Exxon has been a very well run company for many years. Merging with Mobil in the late nineties, Exxon has consistently avoided negative PR, made timely acquisitions, and showed solid oil production increases until recently. The stock has done well during the recent nearly six month market rally as well.

Rallying around 20% from the summer lows, Exxon shares are today at their fifty-two week high.

However, when we compare Exxon to other oil producers over the last several years, the company's shares have clearly lagged that the performance of most stocks in the energy sector on a fairly consistent basis.

While the OIH is an oil service index, it is still notable that Exxon has underperformed most oil service stocks by nearly 40% in the last two years.

Exxon share have similarly lagged most smaller oil producers, as well as the S&P 500 and its tracking exchange traded fund SPY.

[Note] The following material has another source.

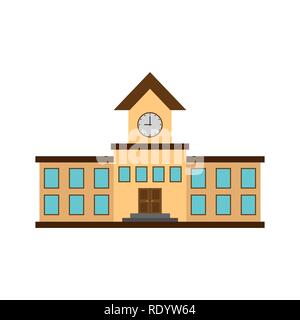 Office building color icon with a clock Stock Vector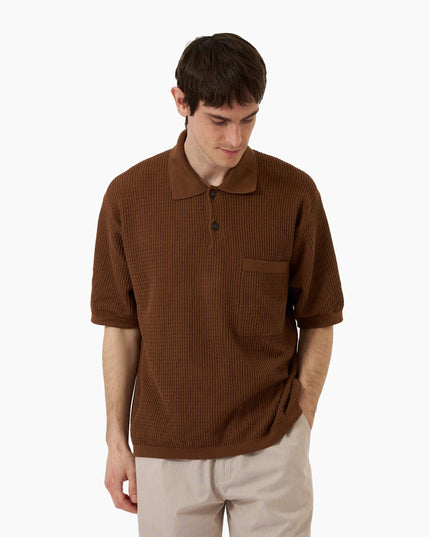 Universal-Works-Knit-Polo-Brown-Fine-Texture-04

Unfortunately, the story for investors with Exxon appears to be over. While Exxon has been able to grow their oil and gas production numbers for many years, today the company's market cap is over 400 billion dollars. Exxon also now gets over 60% of its total production from natural gas. Exxon's management team is also committed to continuing to maximize natural gas production with XTO's new drilling techniques no matter where prices go.

While Exxon's merger with Mobil and subsequent acquisitions have largely gone well, their acquisition of XTO, largely a move to increase their position in natural gas, could not have been more poorly timed. Today companies like Chesapeake Energy (CHK) and Conoco-Phillips (COP) have already talked about massively reduced expenditures and commitment to new natural gas drilling project.

Also, while Exxon's profits have become increasingly tied to lower margin natural gas production, their oil production numbers continue to disappoint as well. Exxon's fourth quarter earnings report showed just a 1% production increase on a year-to-year basis, despite a significant rise in the price of oil during the year. Exxon also recently reported a significant drop in their fourth quarter oil production numbers in Europe and Africa, where the company gets nearly a third of its total production today.

To conclude, while Exxon has been a great stock and continues to be a very well run company, Exxon shares have lagged the performance of the energy sector for some time. While stocks like Apple (AAPL) and tracking ETFs for the S&P 500 like SPY have rallied more than the most energy stocks during the current rally, Exxon continues to underperform its peers in the energy sector as well.

While the biggest companies often get the most attention, often times the best value is elsewhere. With smaller oil companies like Apache (APA) and EGO Resources (EGO) raising their oil production numbers at around 10% a year, Exxon's shares are likely to continue to underperform the overall energy sector.